My topic was: "Data and society - how can we ensure future political discussions are evidence led?"
"I work for the British Atmospheric Data Centre, and we happen to be one of the data nodes hosting the data from the 5th Climate Model Intercomparison Project (CMIP5). What this means is that we're hosting and managing about 2 Petabytes worth of climate model output, which will feed into the next Intergovernmental Panel on Climate Change's Assessment Report and will be used national and local governments to set policy given future projections of climate change.
But if we attempted to show politicians the raw data from these model runs, they'd probably need to go and have a quiet lie down in a darkened room somewhere. The raw data is just too much and too complicated, for anyone other than the experts. That's why we need to provide tools and services. But we also need to keep the raw data so the outputs of those tools and services can be verified.

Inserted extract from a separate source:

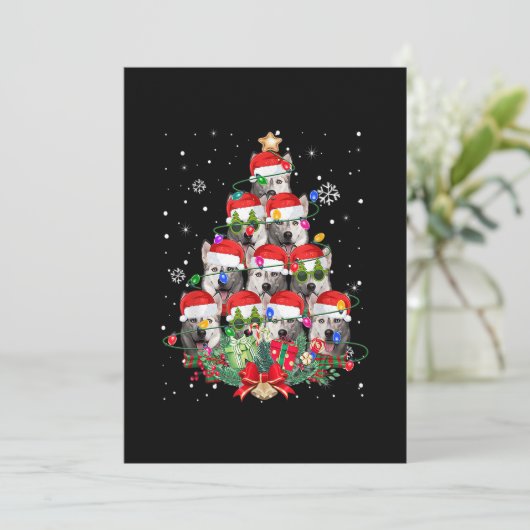 Siberian Husky Dogs Tree Christmas Pajama Xmas Dog Feestdagenkaart (Staand voorkant)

Communication is difficult. It's hard enough to cross scientific domains, let alone the scientist/non-scientist divide. A repositories, we collect metadata bout the datasets in our archives, but this metadata is often far to specific and specialised for a member of the general public or a science journalist to understand. Data papers allow users to read the story of the dataset and find out details of how and why it was made, while putting it into context. And data papers are a lot easier for humans to read that an xml catalogue page.
Data publication can help us with transparency and trust. Politicians can't be scientific experts - they need to be political experts. So they need to rely on advisors who are scientists or science journalists for that advice - and preferably more than one advisor.

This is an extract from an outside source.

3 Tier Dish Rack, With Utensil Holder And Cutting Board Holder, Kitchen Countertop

Making researchers' data open means that it can be checked by others. Publishing data (in to formal data journal sense) means that it'll be peer-reviewed, which (in theory at least) will cut down on fraud. It's harder to fake a dataset than a graph - I know this personally, because I spent my PhD trying to simulate radar measurements of rain fields, with limited success!)
With data publishing, researchers can publish negative results. The dataset is what it is and can be published even if it doesn't support a hypothesis - helpful when it comes to avoiding going down the wrong research track.
As for what we, personally can do? I'd say: lead by example. If you're a researcher, be open with your data (if you can. Not all data should be open, for very good reason, for example if it's health data and personal details are involved). If you're and editor, reviewer, or funder, simply ask the question: "where's the data?"
And everyone: pick on your MP. Query the statistics reported by them (and the press), ask for evidence. Remember, the Freedom of Information Act is your friend.
And never forget, 87.3% of statistics are made up on the spot!"
After a question from the audience, I did need to make clear that when you're pestering people about where their data is, be nice about it! Don't buttonhole people at parties or back them into corners. Instead of yelling "where's your data?!?" ask questions like: "Your work sounds really interesting. I'd love to know more, do you make your data available anywhere?" "Did you hear about this new data publication thing? Yeah, it means you can publish your data in a trusted repository and get a paper out of it to show the promotion committee." Things like that.
If you're talking the talk, don't forget to walk the walk.